Day Four: What I Learned From My Failed Whole30

I may not have stuck with the Whole30 for the, uh, whole 30, but that doesn't mean I didn't take anything valuable away from it. I learned a lot in those 15 days, and I'm learning a lot more now that I've started adding non-Whole30 foods back into my diet. These are just a few of those things.

I think the most important thing I learned is that I can eat 3 meals a day, and get enough nutrition from those that I don't need to snack at all. Snacking is one of my biggest downfalls when trying to lose weight. I'll grab a bag of chips, or some crackers, or chocolate frosting, and before I know it I've eaten everything in my apartment. Snacking is discouraged on the Whole30 - you should be getting all the nutrients and calories you need from your 3 square meals a day. So with that in mind, whenever I wanted a snack, I asked myself, "Why?" Was I actually hungry, or only bored/tired/upset? In my 15 days on Whole30, the answer was only "hungry" one time. So I only had a snack one time. And I survived, and will continue to do so. Snacking is a gateway to food overload for me. Even if it's not junk food, if I snack when I'm not really hungry, I will inevitably overeat. So snacking is out.

I also learned that I don't need junk food/packaged/processed foods in my life. I didn't even miss them. Do you know how good grapes taste? And strawberries, and feta-less Greek salads, and roasted chicken breasts? They taste amazing, and there is nothing in them from a box, bag, or carton. I don't even miss Coke, which has always been my drug of choice. There are still 3 cans of Coke in my fridge from before the Whole30, and they've sat untouched, even since I stopped following the program. For some reason I can't bring myself to get rid of them, but I've yet to be tempted by them. Cold, refreshing water is enough for me. So no more junk food? Check.

Probably the worst thing to come out of the Whole30/15 for me is also the saddest thing that has ever happened in my life. Cheese and I, we are not friends. And even though I pretty much already knew that, I was hoping this would prove that it was something else making me feel queasy all the time, and not dairy. But it is. Because I ate some cheese yesterday, and my face got puffy, I got bloated, and then I suffered. I was lactose intolerant as a baby/toddler, but it went away for most of my childhood and teenage years. It has come back with a vengeance in the last few years. And even though I knew going in that dairy was probably the culprit behind a lot of my problems, I'm still really sad to have it confirmed. Like, deeply sad. I never even got to have pizza before I found this out. Goodbye pizza! You were my best food friend in the entire world! I'll miss you! *sob*

In addition to dairy, I will also be giving up gluten, at least temporarily. I don't think I truly waited enough time between eating a flour tortilla, and eating that cheese, to know if the gluten had any real effect. The effects from the dairy were immediate, and obvious. I'm not so sure about the gluten, so I'm going to go a few more weeks without it to see.

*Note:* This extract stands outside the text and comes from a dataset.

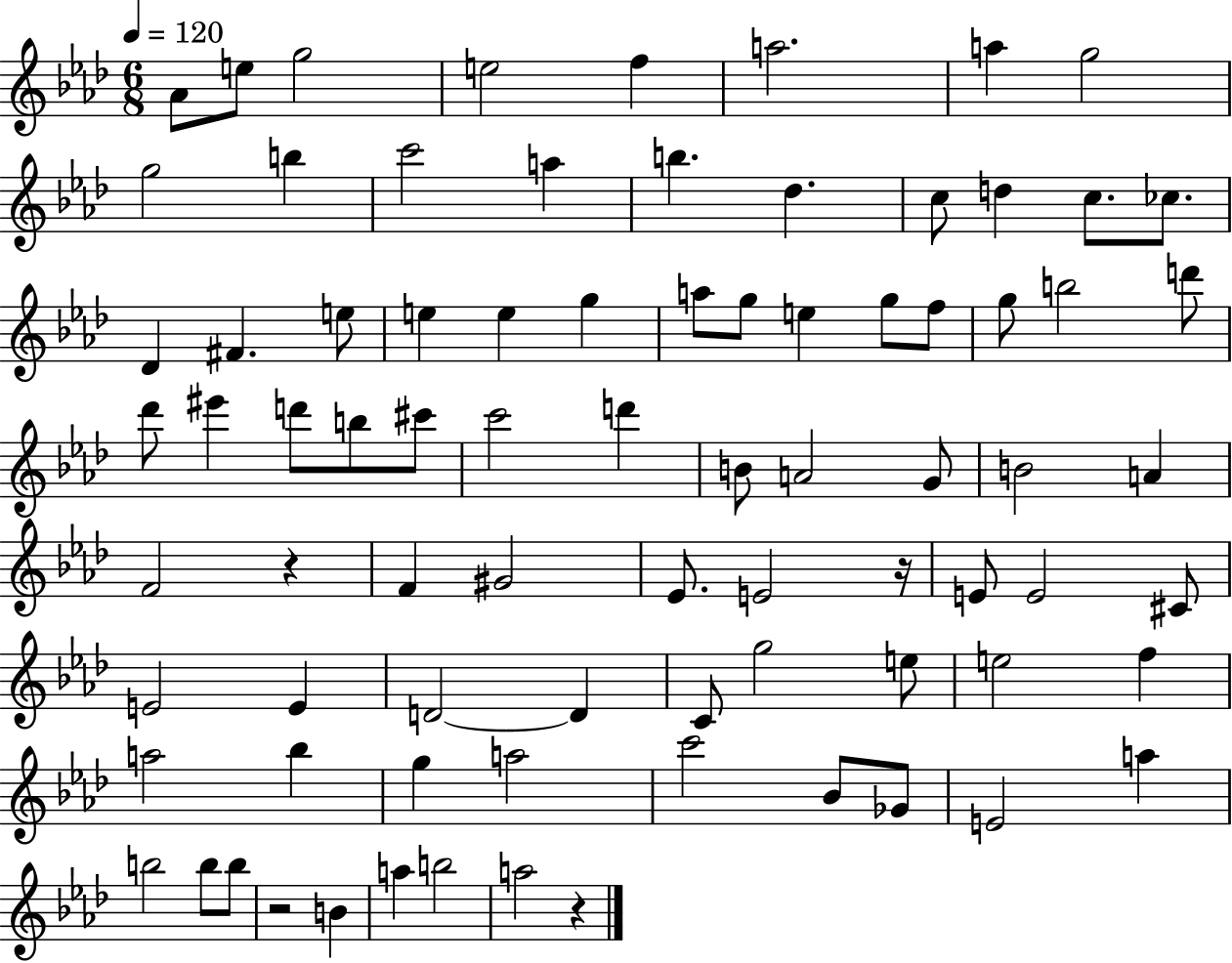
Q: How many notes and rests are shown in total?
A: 81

So even though I "failed" at being a good Whole30'er, I still learned a lot about myself. About what I am capable of NOT eating, and what kinds of things I actually enjoy eating. I also found a love for cooking, and a great disdain for doing the dishes. But since I live alone, and those things have to go together, I will deal with the dishes for now.

April 21, 2016

Day Two: Quitting the Whole 30

Here's a true story. I lasted 15 days on the Whole 30. 15 days! Then I tore into a bag of Red Vines ravenously like they were the last food on Earth and I'd been hiking in an apocalyptic wasteland with no nourishment for three days. Actually, this is false. I ate them slowly, and savored every last bite...of every last Red Vine. Thus ended my Whole 30, much like any attempt to get healthy/lose weight might. Except it really wasn't the same at all. 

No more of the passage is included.